An welcher Uni hast du studiert und was?
An der Universidad Nacional de San Martín (UNSAM), Estudios Latinoamericanos (Lateinamerikastudien).
Hast du das Auslandssemester selbst organisiert?
Mehr oder weniger. Meine Uni in Deutschland hat einige sogenannte „convenios“ mit verschiedenen Universitäten in Lateinamerika und der Karibik, d.h. Kooperationen, die einen Austausch erleichtern. Darunter fällt auch die UNSAM. „Austausch erleichtern“ bedeutete in meinem Fall, dass ich eine Ansprechperson an der UNSAM hatte und dass mir im Falle einer Zulassung die Studiengebühren erlassen würden. Trotzdem musste ich ganz normal am Bewerbungsverfahren um einen Studienplatz an der Uni teilnehmen und mich selber um die Finanzierung kümmern.

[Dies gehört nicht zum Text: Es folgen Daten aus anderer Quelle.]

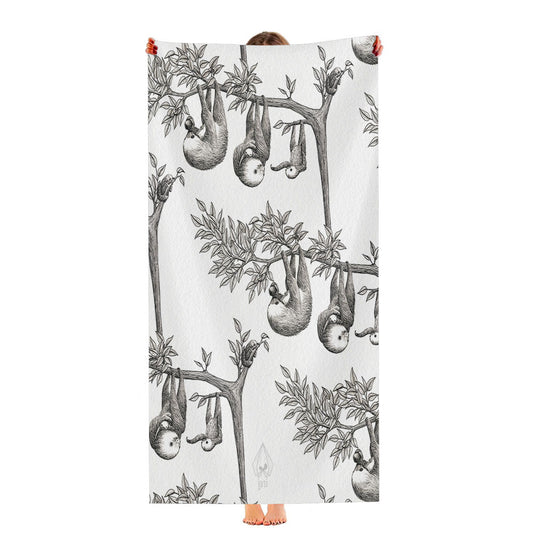 Sloth On Tree Pattern Ultra-Soft Luxury Bathroom Towels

Ich bewarb mich um ein Promos-Stipendium der FU Berlin und bekam eine Zusage. Gleichzeitig teilte mir auch die UNSAM mit, dass ich einen Platz bekommen hatte und so konnte ich endlich den Flug buchen.
Wie sah dein Uni Alltag aus?
Ich konnte meine Kurse so legen, dass ich nur einmal pro Woche nach San Martín fahren musste. Dafür musste ich ziemlich früh aufstehen, da ich mindestens eine Stunde brauchte und der Kurs um 8:30 begann. Danach gingen wir immer in die Mensa auf dem Campus und lagen danach ein bisschen auf der Wiese vor dem Hauptgebäude und tranken Mate oder lasen Texte für die kommende Woche. Der nächste Kurs begann um 14 Uhr und dauerte auch 3-4 Stunden. Gegen 17:30/18 Uhr konnte ich dann mit 2 Kommilitonen, die auch in San Telmo wohnten, den Heimweg antreten. Meistens führte uns der Weg direkt zu Los Chisperos, wo wir Tango tanzen lernten. Das Centro de EstudiosLatinoamericanos (CEL) gehört zu den ausgelagerten Fakultäten der UNSAM, die im Zentrum der Stadt liegen. Hier wurden Kurse nur abends angeboten,meistens von 18-21 Uhr. Zweimal in der Woche konnte ich also in Capital bleiben und sogar zu Fuß zur Uni laufen.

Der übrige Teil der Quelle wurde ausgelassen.